Instruction for the entries below: return the part that opens with the line containing "Invitation with floral background" and closes with the line containing "Lexmark B261U00. Cartouche", exactly, and no pictures.

MATERIAL SUPPLIED =
- - -

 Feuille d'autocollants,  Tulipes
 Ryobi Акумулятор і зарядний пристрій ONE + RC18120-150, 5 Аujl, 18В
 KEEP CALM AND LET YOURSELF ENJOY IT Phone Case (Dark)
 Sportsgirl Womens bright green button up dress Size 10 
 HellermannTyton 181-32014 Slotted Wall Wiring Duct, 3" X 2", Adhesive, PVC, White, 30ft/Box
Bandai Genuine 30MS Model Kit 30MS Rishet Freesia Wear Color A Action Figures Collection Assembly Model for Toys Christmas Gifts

- - -

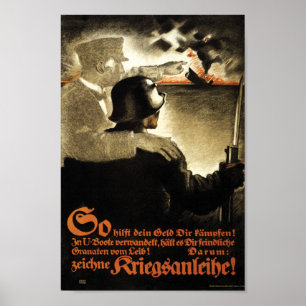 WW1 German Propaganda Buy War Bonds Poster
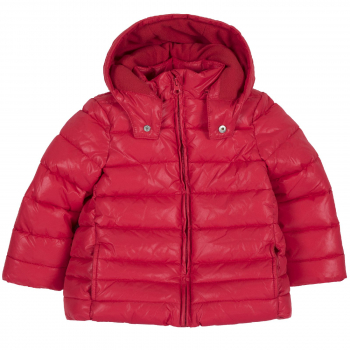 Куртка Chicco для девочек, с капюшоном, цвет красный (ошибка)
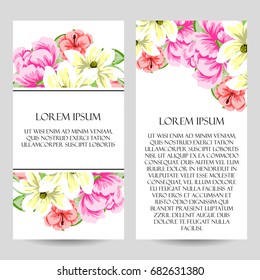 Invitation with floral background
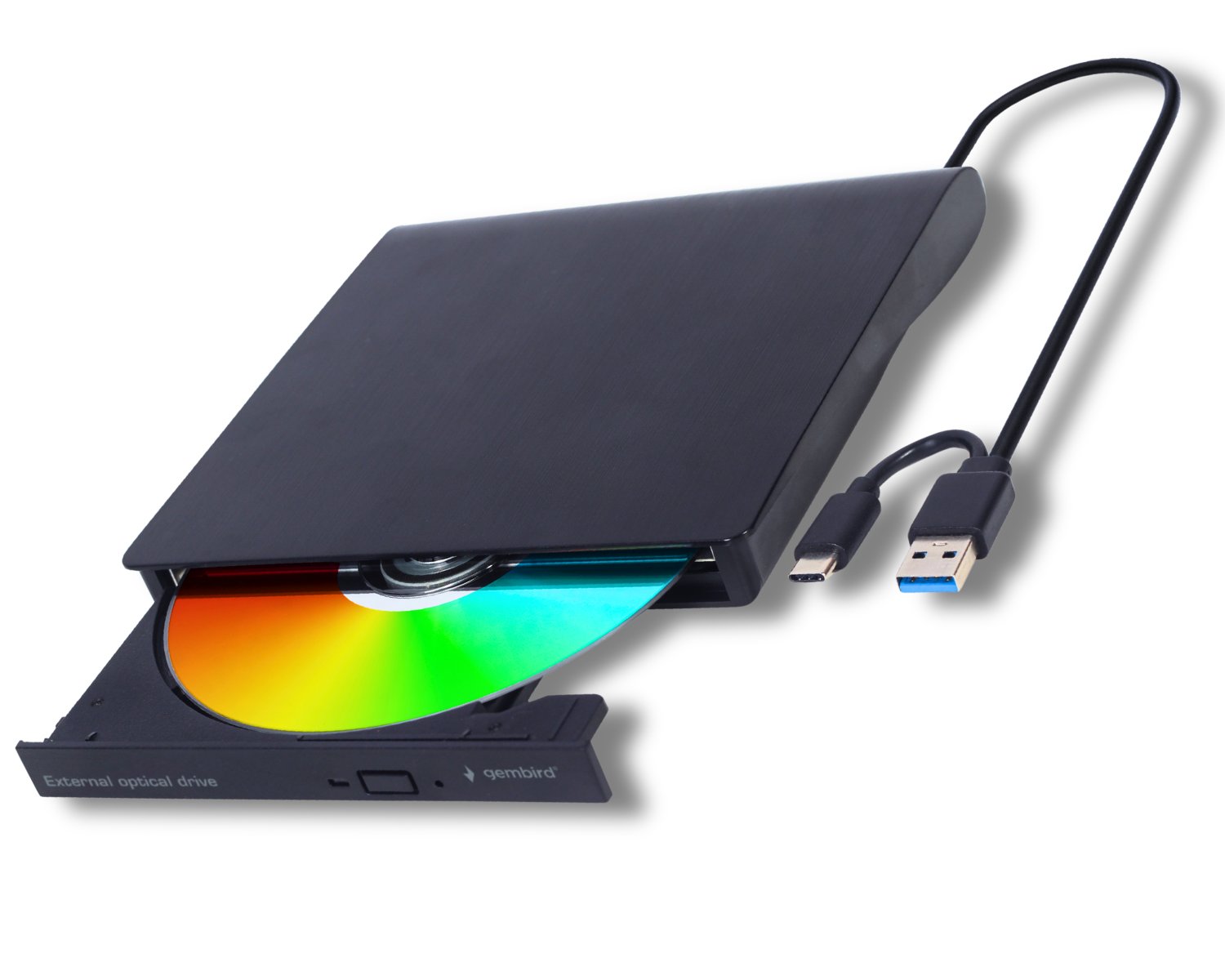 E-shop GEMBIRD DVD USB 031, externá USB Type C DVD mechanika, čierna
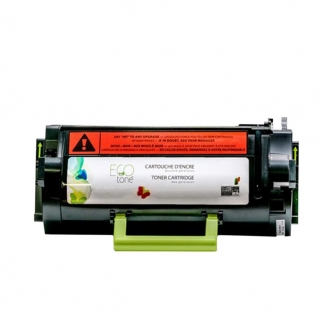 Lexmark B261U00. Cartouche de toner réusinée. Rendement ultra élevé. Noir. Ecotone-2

- - -

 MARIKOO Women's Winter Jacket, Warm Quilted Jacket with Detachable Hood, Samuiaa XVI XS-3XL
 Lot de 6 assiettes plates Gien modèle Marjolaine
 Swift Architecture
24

- - -

EXERCISE RESPONSE =
 Invitation with floral background
 E-shop GEMBIRD DVD USB 031, externá USB Type C DVD mechanika, čierna
 Lexmark B261U00. Cartouche de toner réusinée. Rendement ultra élevé. Noir. Ecotone-2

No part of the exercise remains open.